1920s Slingerland-Style "Victory" Banjo Ukulele





What are the chances that two separate customers have the same-model/brand banjo uke but in two different colors and needing the same work in at the same time? The last one was also the first time I'd seen the "Victory" brand on a Slingerland-type product, too.

Anyhow, this one needed the "usual work" -- a light fret level/dress, new bridge, and various adjustments and cleaning to get it going "pat." It's now there, and playing with spot-on 1/16" action at the 12th fret. These are nice, rugged, banjo ukes and I find the ones like this (in natural finish over the maple) to be awfully easy on the eyes, despite their simplicity. This model has no tonering and so the tone is warm, sweet, and a little on the mellow/quiet side. There are versions with giant "hoop" tonerings that can be ear-piercingly loud, however, and with a shrill splat of a voice (until tamed-down).



The tuners are newer Grover 2B friction pegs and I hid an old, botched attempt by someone to sink the Grover ferrules in the headstock (they're dished on the bottom) with some finish washers as "ferrules," instead.


The maple neck is dead straight and the frets are in good order. This has pearl position dots.


The long, 14" scale puts the bridge near the edge of the head. While this isn't an ideal location tone-wise (more central = sweeter/warmer/louder), it does mean that if the head slacks-up that the string tension won't press-in as much on the head and make the action too low to play without buzzing all over.

After studying enough of these models, I'm pretty sure that was the reasoning from the switch (mid-20s?) from the regular 13" scale to the longer 14" scale on these Slingerland-type ukes. It's also possible that I'm reading into it too much and the switch was to "half-way-it" between a scale suited to their standard 7" rims (like this one) and their less-common, but still fairly-regular 8" rims.

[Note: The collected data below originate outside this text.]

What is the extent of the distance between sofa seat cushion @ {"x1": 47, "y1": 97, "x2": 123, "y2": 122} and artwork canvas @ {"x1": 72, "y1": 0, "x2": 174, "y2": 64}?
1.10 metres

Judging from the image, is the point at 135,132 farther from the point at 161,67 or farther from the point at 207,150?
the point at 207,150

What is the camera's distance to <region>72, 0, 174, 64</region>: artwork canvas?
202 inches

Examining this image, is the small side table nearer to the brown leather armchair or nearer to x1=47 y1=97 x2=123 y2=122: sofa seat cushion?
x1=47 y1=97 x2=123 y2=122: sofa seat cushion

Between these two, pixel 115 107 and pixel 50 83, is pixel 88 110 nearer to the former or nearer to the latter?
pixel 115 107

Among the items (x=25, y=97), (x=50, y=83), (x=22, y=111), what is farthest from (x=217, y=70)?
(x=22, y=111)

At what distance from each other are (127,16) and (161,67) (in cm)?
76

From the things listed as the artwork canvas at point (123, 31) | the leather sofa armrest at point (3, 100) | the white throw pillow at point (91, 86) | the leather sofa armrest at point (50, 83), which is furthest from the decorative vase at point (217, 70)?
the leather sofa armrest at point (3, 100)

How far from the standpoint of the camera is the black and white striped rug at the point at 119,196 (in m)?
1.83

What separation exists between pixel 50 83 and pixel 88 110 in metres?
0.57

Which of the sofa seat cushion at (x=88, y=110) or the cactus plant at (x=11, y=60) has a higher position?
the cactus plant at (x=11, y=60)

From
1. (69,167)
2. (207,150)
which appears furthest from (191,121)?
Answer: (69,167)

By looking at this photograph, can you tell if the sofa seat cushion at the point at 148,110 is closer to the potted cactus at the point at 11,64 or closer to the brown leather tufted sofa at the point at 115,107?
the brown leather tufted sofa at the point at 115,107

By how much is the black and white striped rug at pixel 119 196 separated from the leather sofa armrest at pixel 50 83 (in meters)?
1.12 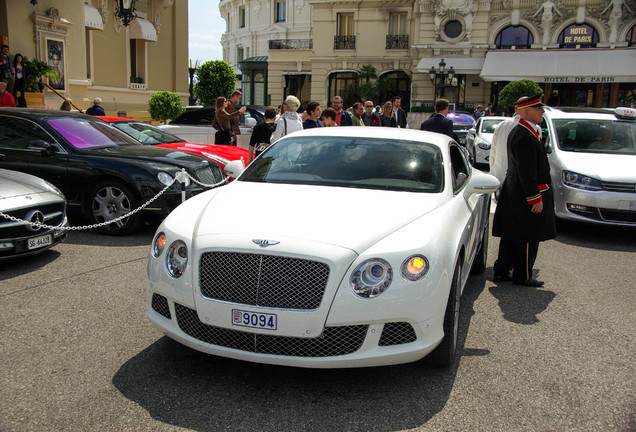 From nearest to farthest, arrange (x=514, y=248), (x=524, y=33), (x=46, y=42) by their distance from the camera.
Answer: (x=514, y=248)
(x=46, y=42)
(x=524, y=33)

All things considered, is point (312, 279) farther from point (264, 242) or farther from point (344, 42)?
point (344, 42)

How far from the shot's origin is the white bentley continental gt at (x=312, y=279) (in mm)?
3221

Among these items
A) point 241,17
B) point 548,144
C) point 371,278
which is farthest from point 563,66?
point 241,17

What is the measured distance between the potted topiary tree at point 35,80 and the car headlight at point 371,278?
53.8ft

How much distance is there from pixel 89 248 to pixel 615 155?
7.23m

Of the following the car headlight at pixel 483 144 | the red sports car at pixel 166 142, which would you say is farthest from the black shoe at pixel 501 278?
the car headlight at pixel 483 144

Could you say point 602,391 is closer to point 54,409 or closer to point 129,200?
point 54,409

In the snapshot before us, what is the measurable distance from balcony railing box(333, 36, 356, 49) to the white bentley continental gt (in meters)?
40.9

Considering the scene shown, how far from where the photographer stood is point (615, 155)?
8.41 m

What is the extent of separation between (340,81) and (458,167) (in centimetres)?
4000

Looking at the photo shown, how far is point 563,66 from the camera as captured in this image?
35.4 meters

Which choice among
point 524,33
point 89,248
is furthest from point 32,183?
point 524,33

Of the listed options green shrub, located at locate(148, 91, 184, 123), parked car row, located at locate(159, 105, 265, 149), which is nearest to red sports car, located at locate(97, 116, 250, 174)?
parked car row, located at locate(159, 105, 265, 149)

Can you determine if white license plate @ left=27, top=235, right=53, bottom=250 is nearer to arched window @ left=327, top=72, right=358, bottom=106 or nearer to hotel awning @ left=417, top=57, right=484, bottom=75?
hotel awning @ left=417, top=57, right=484, bottom=75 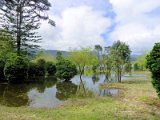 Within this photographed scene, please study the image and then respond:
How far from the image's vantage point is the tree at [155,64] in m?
18.0

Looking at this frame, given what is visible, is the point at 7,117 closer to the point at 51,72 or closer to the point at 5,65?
the point at 5,65

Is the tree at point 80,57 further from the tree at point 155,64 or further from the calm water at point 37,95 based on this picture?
the tree at point 155,64

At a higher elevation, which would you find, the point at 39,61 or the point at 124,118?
the point at 39,61

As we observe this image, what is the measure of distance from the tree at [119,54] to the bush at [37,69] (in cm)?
1490

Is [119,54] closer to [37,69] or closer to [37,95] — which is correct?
[37,69]

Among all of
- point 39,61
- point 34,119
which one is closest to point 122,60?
point 39,61

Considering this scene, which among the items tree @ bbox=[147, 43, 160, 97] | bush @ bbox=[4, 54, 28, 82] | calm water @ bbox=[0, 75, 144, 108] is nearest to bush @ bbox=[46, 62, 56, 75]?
bush @ bbox=[4, 54, 28, 82]

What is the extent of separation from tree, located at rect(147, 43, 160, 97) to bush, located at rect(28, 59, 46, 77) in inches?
1195

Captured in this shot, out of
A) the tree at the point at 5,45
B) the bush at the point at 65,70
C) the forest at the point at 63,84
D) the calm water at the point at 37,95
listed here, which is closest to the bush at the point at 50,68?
the forest at the point at 63,84

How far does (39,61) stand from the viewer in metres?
49.4

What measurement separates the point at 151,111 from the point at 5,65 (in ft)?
80.1

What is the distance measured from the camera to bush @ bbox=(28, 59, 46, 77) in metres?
46.3

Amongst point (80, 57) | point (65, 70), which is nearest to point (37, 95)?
point (65, 70)

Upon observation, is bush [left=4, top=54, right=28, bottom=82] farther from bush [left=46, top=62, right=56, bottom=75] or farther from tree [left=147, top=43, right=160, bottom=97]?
tree [left=147, top=43, right=160, bottom=97]
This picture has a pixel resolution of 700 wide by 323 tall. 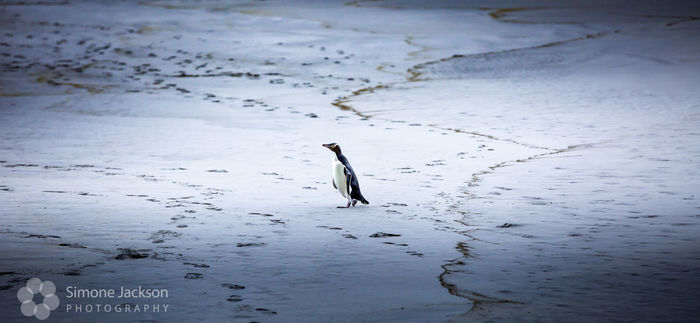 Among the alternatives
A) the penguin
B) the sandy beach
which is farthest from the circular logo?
the penguin

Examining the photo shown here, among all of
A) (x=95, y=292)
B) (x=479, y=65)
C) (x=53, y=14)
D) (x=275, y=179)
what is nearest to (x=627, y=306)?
(x=95, y=292)

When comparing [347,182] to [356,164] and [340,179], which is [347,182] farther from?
[356,164]

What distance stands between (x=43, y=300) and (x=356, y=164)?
12.0ft

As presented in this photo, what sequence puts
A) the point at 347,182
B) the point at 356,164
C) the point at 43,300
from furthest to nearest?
the point at 356,164
the point at 347,182
the point at 43,300

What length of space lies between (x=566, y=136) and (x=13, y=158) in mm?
4192

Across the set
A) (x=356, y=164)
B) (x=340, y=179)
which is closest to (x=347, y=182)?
(x=340, y=179)

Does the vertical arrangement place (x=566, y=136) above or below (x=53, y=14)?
below

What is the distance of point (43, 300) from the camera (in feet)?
9.35

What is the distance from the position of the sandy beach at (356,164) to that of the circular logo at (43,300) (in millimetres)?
25

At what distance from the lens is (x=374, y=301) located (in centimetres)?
297

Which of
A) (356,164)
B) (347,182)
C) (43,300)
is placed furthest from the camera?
(356,164)

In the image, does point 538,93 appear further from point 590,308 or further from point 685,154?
point 590,308

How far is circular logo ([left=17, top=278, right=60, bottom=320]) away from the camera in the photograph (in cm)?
275

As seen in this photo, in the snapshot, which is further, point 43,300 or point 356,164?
point 356,164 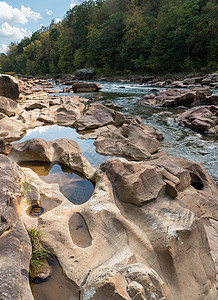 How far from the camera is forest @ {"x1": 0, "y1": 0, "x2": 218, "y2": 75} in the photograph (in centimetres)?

The friction-set wedge in the dowel is what originally set the neck nice and tight to the rim, though if you look closely you can see that I've countersunk a screw reinforcement through the rim and into the heel, too. Better safe than sorry, I say. I like that joint to be rigid and practical -- as most folks don't even think that their neck brace (that wedge) will loosen-up on them (as they do -- every year, when the weather changes).


The hardware, aside from the tuners and my bridge addition, is all-original. You can also see a small shim-up at the end of the fretboard. That was just to get better back-angle so a regular 1/2" bridge would do the trick.



The tailpiece accepts loop and ball-end strings. I knot my uke-strings with granny-knots into one another until I make a ball big enough to mount between the tabs (or, on regular ukes, in the bridge slots).